# Implement a K-Nearest Neighbors (KNN) Algorithm

In [1]:
from typing import List, Tuple
import math
from collections import Counter

def euclidean_distance(point1: Tuple[float, float], point2: Tuple[float, float]) -> float:
    """Calculate the Euclidean distance between two points."""
    return math.sqrt((point1[0] - point2[0]) ** 2 + (point1[1] - point2[1]) ** 2)

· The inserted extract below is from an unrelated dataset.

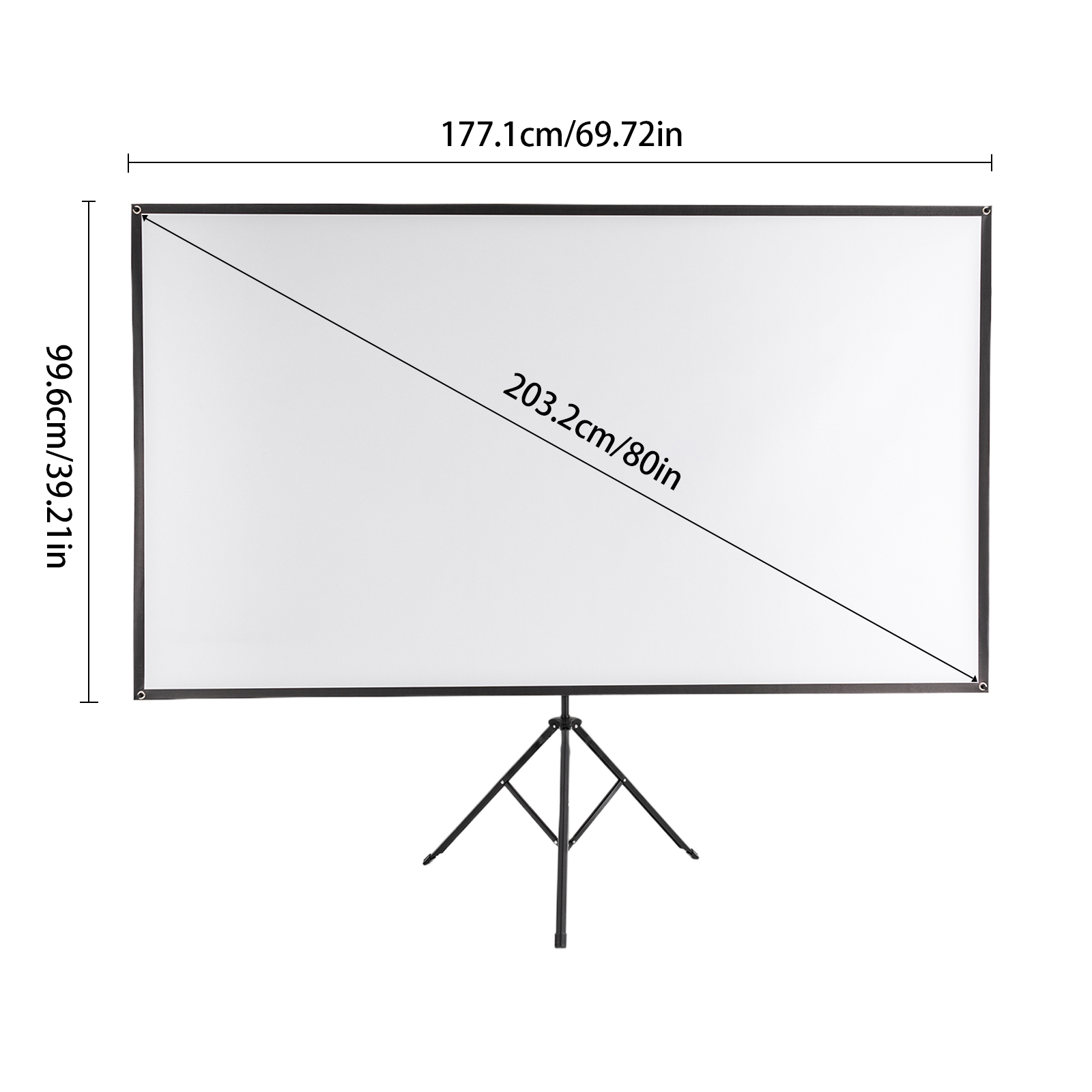 Projector Screen with Tripod, Portable Projector Screen, 80 Inches, 16:9, 4K HD Projection Screen Projector Screen with Tripod, Portable Projector Screen, 80 Inches, 16:9, 4K HD Projection Screen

def knn_classifier(data_points: List[Tuple[float, float, str]], new_point: Tuple[float, float], k: int = 3) -> str:
    """KNN classifier to predict the label of the new point using k nearest neighbors."""
    
    # Step 1: Calculate the Euclidean distance between the new point and all data points
    distances = []
    for point in data_points:
        distance = euclidean_distance(new_point, (point[0], point[1]))
        distances.append((distance, point[2]))  # Store the distance along with the label
    
    # Step 2: Sort the distances in ascending order
    distances.sort(key=lambda x: x[0])
    
    # Step 3: Get the labels of the k nearest neighbors
    k_nearest_labels = [label for _, label in distances[:k]]
    
    # Step 4: Perform a majority vote to determine the most common label
    most_common_label = Counter(k_nearest_labels).most_common(1)[0][0]
    
    return most_common_label


In [2]:
# Data points with their labels
data_points = [
    (1.0, 2.0, 'A'), 
    (2.0, 3.0, 'B'), 
    (3.0, 4.0, 'A'), 
    (5.0, 6.0, 'B'), 
    (1.5, 1.8, 'A')
]

# New point to classify
new_point = (2.5, 3.5)

# Predict the label for the new point using KNN
predicted_label = knn_classifier(data_points, new_point, k=3)
print(predicted_label) 

A


# Remove Outliers from Data

In [3]:
from typing import List
import statistics

def remove_outliers(data: List[float]) -> List[float]:
    """Removes outliers from the data. A number is considered an outlier if it is 
    more than 2 * standard deviation away from the mean of the list."""
    
    if len(data) == 0:
        return []
    
    # Step 1: Calculate the mean and standard deviation
    mean = statistics.mean(data)
    std_dev = statistics.stdev(data)
    
    # Step 2: Define the threshold for outliers (mean ± 2 * std_dev)
    lower_bound = mean - 2 * std_dev
    upper_bound = mean + 2 * std_dev
    
    print(f"Mean: {mean}, Std Dev: {std_dev}")
    print(f"Lower Bound: {lower_bound}, Upper Bound: {upper_bound}")
    
    # Step 3: Remove any number outside the bounds
    filtered_data = [x for x in data if lower_bound <= x <= upper_bound]
    
    print(f"Filtered Data: {filtered_data}")
    
    return filtered_data


In [4]:
data = [10, 12, 14, 16, 18, 100]
cleaned_data = remove_outliers(data)
print("Cleaned Data:", cleaned_data)


Mean: 28.333333333333332, Std Dev: 35.223098481914775
Lower Bound: -42.11286363049622, Upper Bound: 98.77953029716288
Filtered Data: [10, 12, 14, 16, 18]
Cleaned Data: [10, 12, 14, 16, 18]


# 3. Optimize a Matrix Multiplication for Neural Network

In [5]:
from typing import List

def matrix_multiply(mat1: List[List[int]], mat2: List[List[int]]) -> List[List[int]]:
    # Check if matrices can be multiplied (columns in mat1 must equal rows in mat2)
    if len(mat1[0]) != len(mat2):
        raise ValueError("Incompatible matrices: Cannot multiply matrices with dimensions {}x{} and {}x{}.".format(len(mat1), len(mat1[0]), len(mat2), len(mat2[0])))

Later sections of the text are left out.